7 tips to perfect your E/M choices If indecision about medical decision-making is throwing your E/M reporting for a loop, consult these seven helpful documentation hints to simplify your
code selections.
1. Ask the physician to list complicating factors. These could include comorbidities, other chronic conditions the patient may have, medications the patient is already taking, or adverse reactions the patient had to previous medications, says Lori-Lynne Webb, director of coding and compliance with Saltzer Medical Group in Nampa, Idaho.
For example, if a physician prescribes two or three medications, talks to a consultant, and re-evaluates the patient twice, the case might warrant a level four (99284) or five (99285), depending on the risk to the patient and the kind of tests performed. Your key to success here is to make sure the physician documents the case's complexity - not just the diagnosis and procedures.
2. Look at the tests and medications the physicians ordered for clues to the extra complexity the physician may not be explaining, says Jean Keller, an auditor with Applied Medical Services in Durham, N.C. Look in the history of present illness and review of systems to determine what the physician is trying to rule out, but also encourage the physician to state what diagnoses he hopes to rule out or confirm.
If a diagnosis is not definitive, make sure your physician has documented pertinent signs and symptoms. For instance, if the patient is stable, look for statements telling you whether she has shown improvement or is worsening and whether the doctor has planned a workup.
Tip: The best way to do this is to encourage the physician to document a differential diagnosis.
3. Have the physicians dictate records on their level-four or -five visits instead of using a checklist or template, Keller says. Some templates don't give enough room to explain why the physician made some decisions, and often physicians won't even use the spaces provided.
4. Use the MDM to predict the E/M level, before spending time counting the review-of-systems elements and evaluating the physical exam, says Rebecca Sharp, CPC, coding and physician education manager at Computer Sciences Corporation in El Segundo, Calif.

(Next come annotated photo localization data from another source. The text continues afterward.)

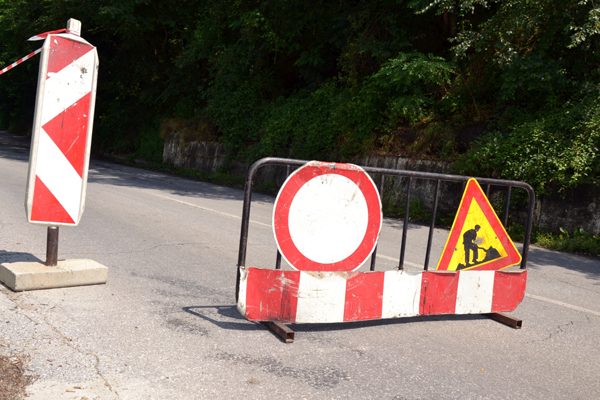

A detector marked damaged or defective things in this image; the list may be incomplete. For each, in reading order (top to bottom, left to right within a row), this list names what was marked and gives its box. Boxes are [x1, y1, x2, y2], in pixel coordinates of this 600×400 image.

cracked asphalt [1, 130, 600, 396] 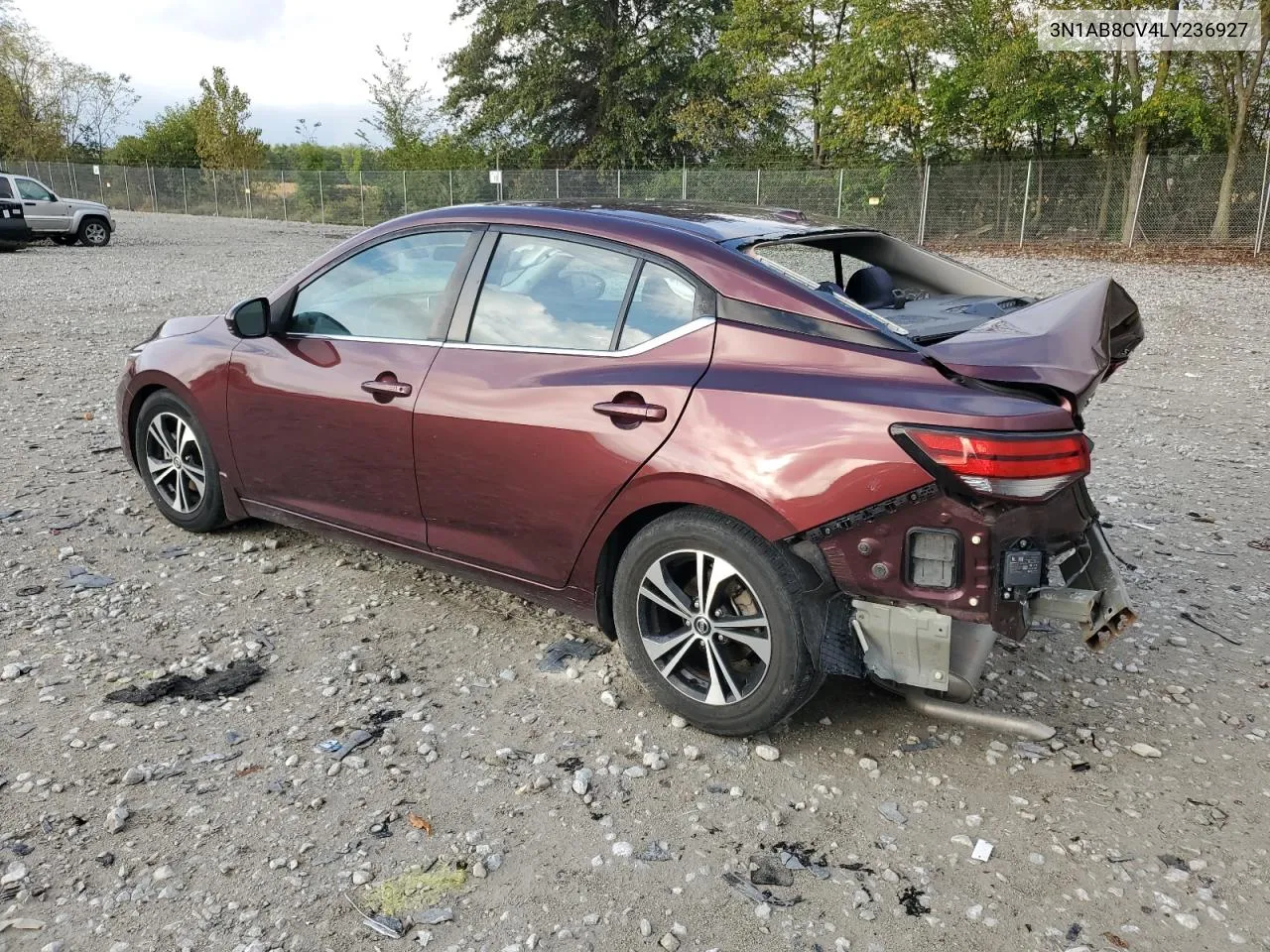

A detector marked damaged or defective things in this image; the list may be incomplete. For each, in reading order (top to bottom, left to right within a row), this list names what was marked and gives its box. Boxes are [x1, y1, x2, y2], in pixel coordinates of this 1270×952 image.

crumpled trunk lid [919, 275, 1148, 411] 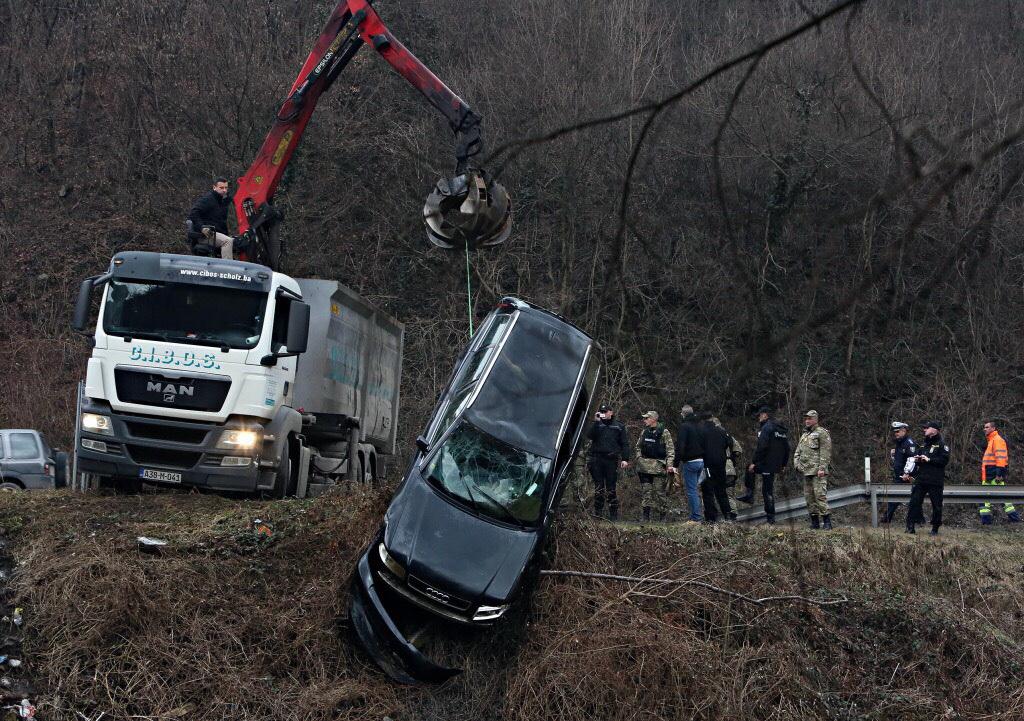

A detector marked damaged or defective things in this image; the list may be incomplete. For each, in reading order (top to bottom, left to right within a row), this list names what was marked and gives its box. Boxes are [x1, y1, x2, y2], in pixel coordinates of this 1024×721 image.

shattered windshield [100, 278, 264, 348]
shattered windshield [423, 419, 552, 528]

"I first look at the chief complaint, but then turn my attention to the MDM," agrees Nettie McFarland, RHIT, CCS-P, coding manager at DuvaSawko in Daytona Beach, Fla. "It can be a real time saver when reviewing the history and exams of lower levels."
5. Don't code a higher level of decision-making than the documentation supports. Often, coders will boost the MDM because they know the patients are in really bad shape, says Marcella Bucknam, CPC, CPC-H, HIM coordinator with Clarkson College in Omaha, Neb. "They get emotionally involved in the complexity of the problem and don't code what the doctor wrote down," she says.

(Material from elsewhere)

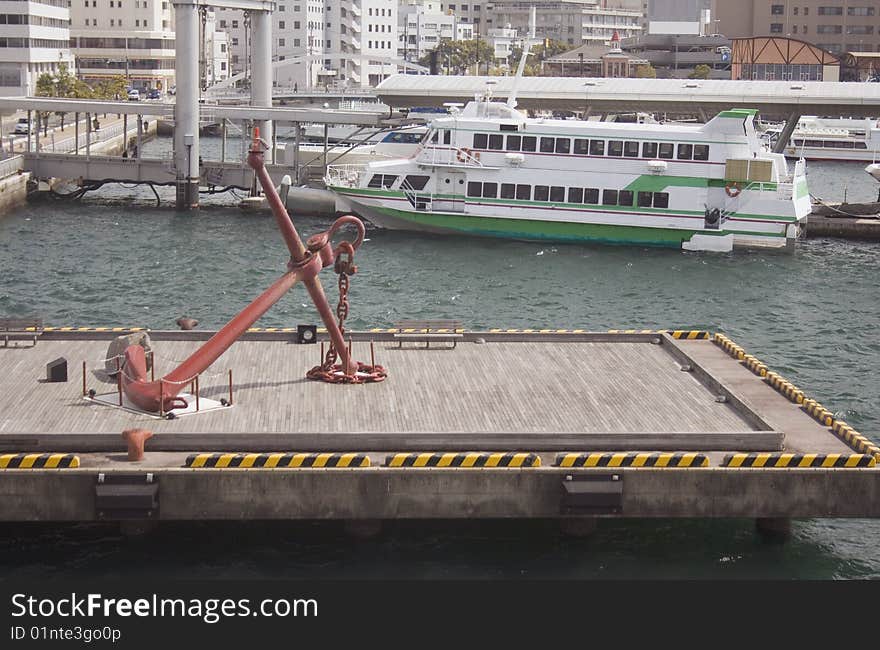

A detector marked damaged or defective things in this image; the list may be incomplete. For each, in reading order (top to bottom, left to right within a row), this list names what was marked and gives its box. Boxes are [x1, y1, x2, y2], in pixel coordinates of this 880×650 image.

red rusty anchor [120, 127, 384, 412]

Unless you are invoking the acuity caveat for 99285 (Emergency department visit for the evaluation and management of a patient, which requires these three key components: a comprehensive history, a comprehensive examination, and medical decision-making of high complexity), documentation must support the chosen code.
Even with 99285, remember that you have to justify the hole in documentation in order to receive reimbursement - the insurer will need to know exactly why you invoked the caveat. See the article "Secure Level-5 E/M Pay With the Acuity Caveat" in the January 2004 issue of ED Coding Alert for more information on the topic.

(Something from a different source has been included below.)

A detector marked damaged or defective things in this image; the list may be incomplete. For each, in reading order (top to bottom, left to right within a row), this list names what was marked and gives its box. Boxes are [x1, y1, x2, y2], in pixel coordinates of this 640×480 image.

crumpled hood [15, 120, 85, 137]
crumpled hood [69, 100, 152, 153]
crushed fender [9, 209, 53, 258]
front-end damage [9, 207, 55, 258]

6. Tell physicians they should make clear when they're taking an intermediate step that they don't believe will solve the patient's problem. For instance, some back-pain patients will receive a trial of nonsteroidals in the emergency department, but if the pain continues and requires narcotics, the physician may decide to investigate further and order x-rays. Explaining that they're trying the more conservative treatment - but that the patient may require a more aggressive approach - can boost the level of MDM, Bucknam says.
7. Ask for more details if the physician writes something like "labs reviewed," Keller says. The patient may have had an adverse reaction to something he received in the emergency department. Likewise, if the physician followed up on the patient's blood pressure, find out what was wrong with the patient's blood pressure earlier.